Top 25 SQL Interview Questions (With Answers)
The 25 questions that actually come up — from DELETE vs TRUNCATE to window functions, views, and self-joins — with verified, dialect-accurate answers and the follow-ups interviewers ask next.
These 25 questions appear most often across data-analyst, backend, and data-engineering interviews. Each answer is verified and notes where databases actually differ — because the difference between "mostly right" and "exactly right" is what gets remembered. Examples target PostgreSQL unless noted. For deeper dives, see SQL JOINs Explained and SQL Window Functions. Keep the SQL cheat sheet open while you study — it covers every syntax pattern these questions reference.
1. What are the categories of SQL commands?
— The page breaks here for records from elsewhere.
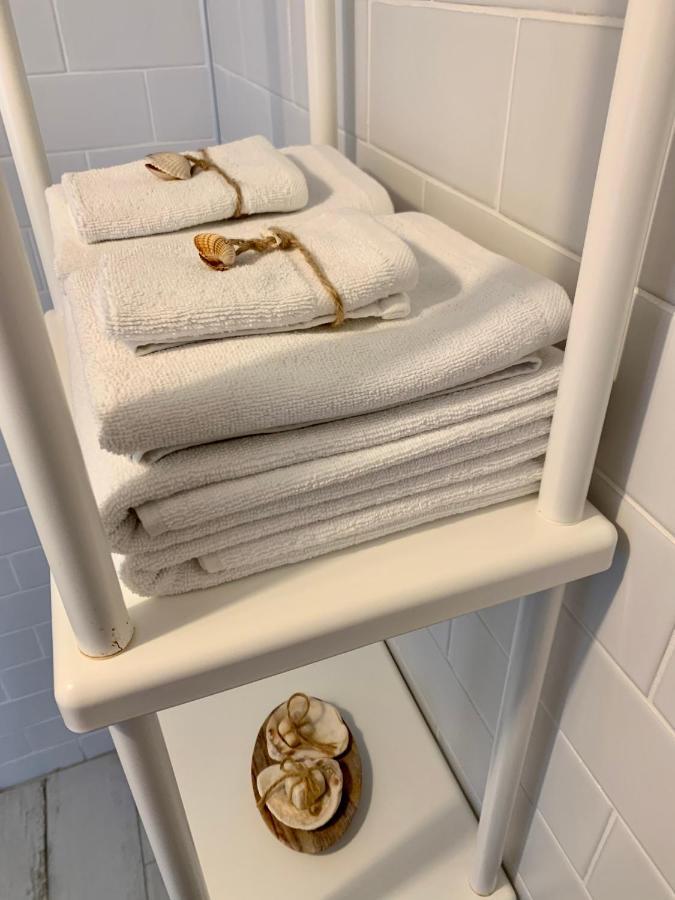 Vapori Otel Bozcaada Bagian luar foto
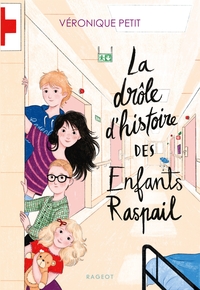 Picture of La drôle d'histoire des enfants Raspail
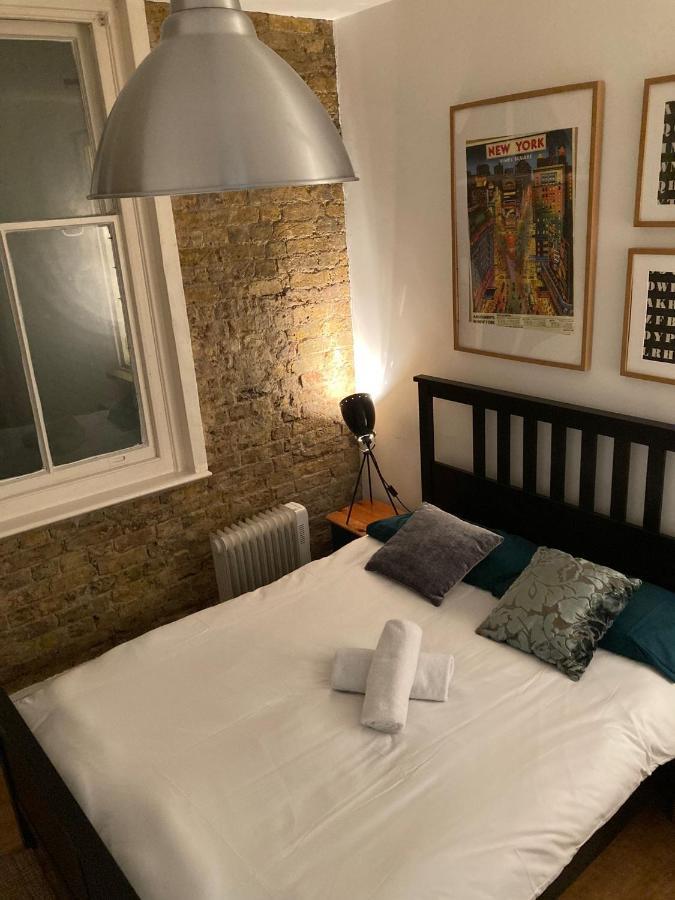 Clerkenwell Apartments By Dc London Rooms Luaran gambar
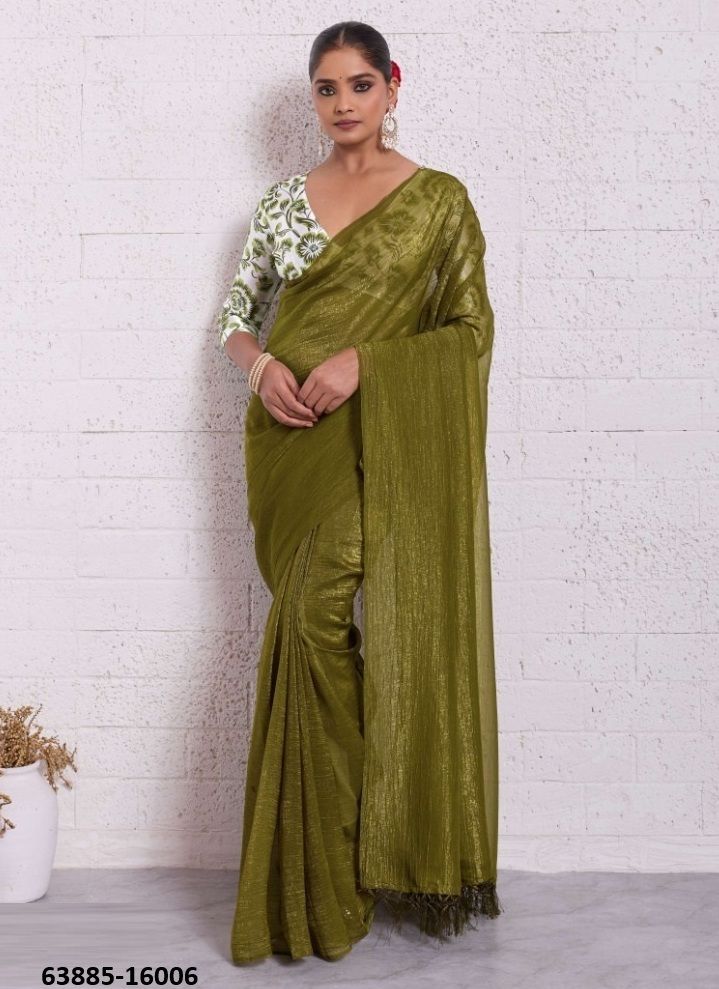 EMMA - Catalog # 63885 (Set of 8 Sarees) by Semad Styles EMMA - Catalog # 63885 (Set of 8 Sarees) by Semad Styles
SQL statements group into families by what they do:
- DDL (Data Definition): CREATE, ALTER, DROP, TRUNCATE — define or change structure
- DML (Data Manipulation): INSERT, UPDATE, DELETE — change data
- DQL (Data Query): SELECT — read data (often folded into DML)
- DCL (Data Control): GRANT, REVOKE — permissions
- TCL (Transaction Control): COMMIT, ROLLBACK, SAVEPOINT — manage transactions
2. PRIMARY KEY vs UNIQUE vs FOREIGN KEY?
- PRIMARY KEY: uniquely identifies a row, is implicitly NOT NULL, and there is exactly one per table
- UNIQUE: enforces uniqueness too, but allows NULLs and you can have many per table
- FOREIGN KEY: references a key in another table and enforces referential integrity
CREATE TABLE orders (
id INT PRIMARY KEY,
email TEXT UNIQUE,
user_id INT REFERENCES users(id) -- foreign key
);
3. DELETE vs TRUNCATE vs DROP?
- DELETE — DML; removes rows (optionally with WHERE), fires row triggers, is logged per row, and rolls back inside a transaction
- TRUNCATE — DDL; removes ALL rows fast by deallocating pages, takes no WHERE, resets identity/sequence, and skips row triggers
- DROP — DDL; removes the entire table, its data, indexes, and structure
4. UNION vs UNION ALL?
Both stack two result sets that have the same number of columns and compatible types. UNION removes duplicate rows (which requires a sort/hash pass); UNION ALL keeps every row and is therefore faster.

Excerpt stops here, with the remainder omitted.